TASK REQUIREMENTS: Return the whole listing unchanged. Drop the images.

PROVIDED MATERIAL:
********************

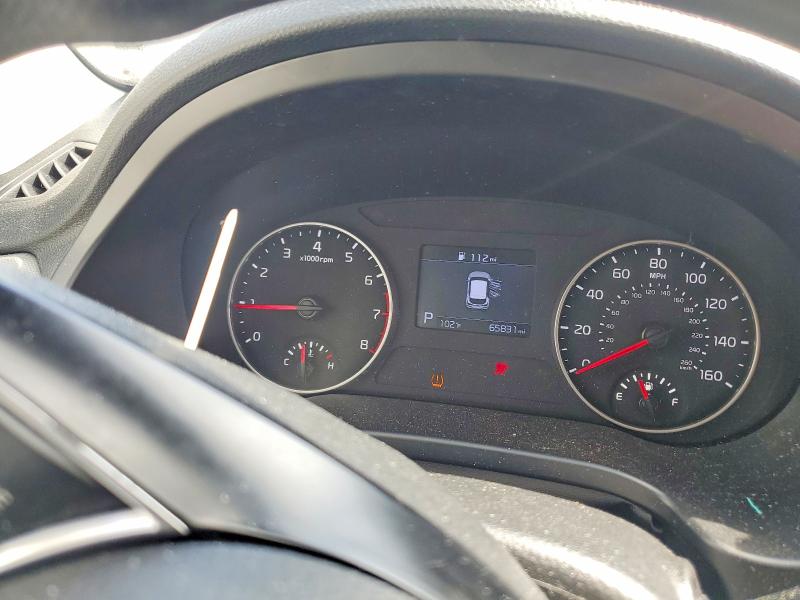 61062006 :رقم المزاد ، KNDEPCAAXM7189280 vin ، 2021 Kia Seltos مزاد بيع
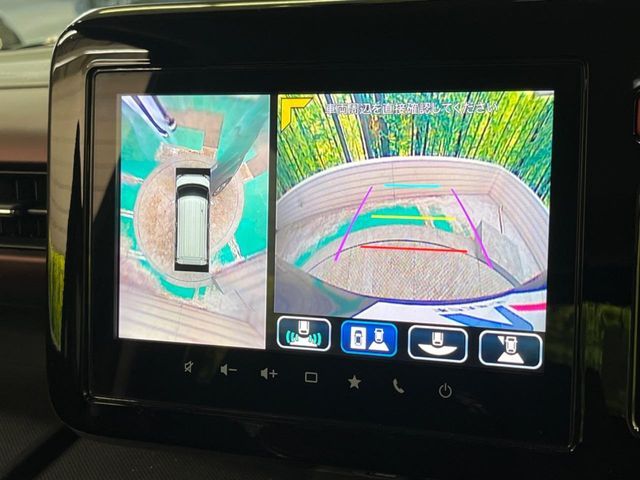 SUZUKI SPACIA CUSTOM 2024 Image 31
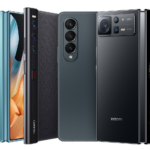 Huawei Mate X3, Samsung Galaxy Fold4, Honor Magic Vs, Xiaomi Mi Mix Fold2 Camera Blind Test Results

********************

WORKED SOLUTION:
 61062006 :رقم المزاد ، KNDEPCAAXM7189280 vin ، 2021 Kia Seltos مزاد بيع
 SUZUKI SPACIA CUSTOM 2024 Image 31
 Huawei Mate X3, Samsung Galaxy Fold4, Honor Magic Vs, Xiaomi Mi Mix Fold2 Camera Blind Test Results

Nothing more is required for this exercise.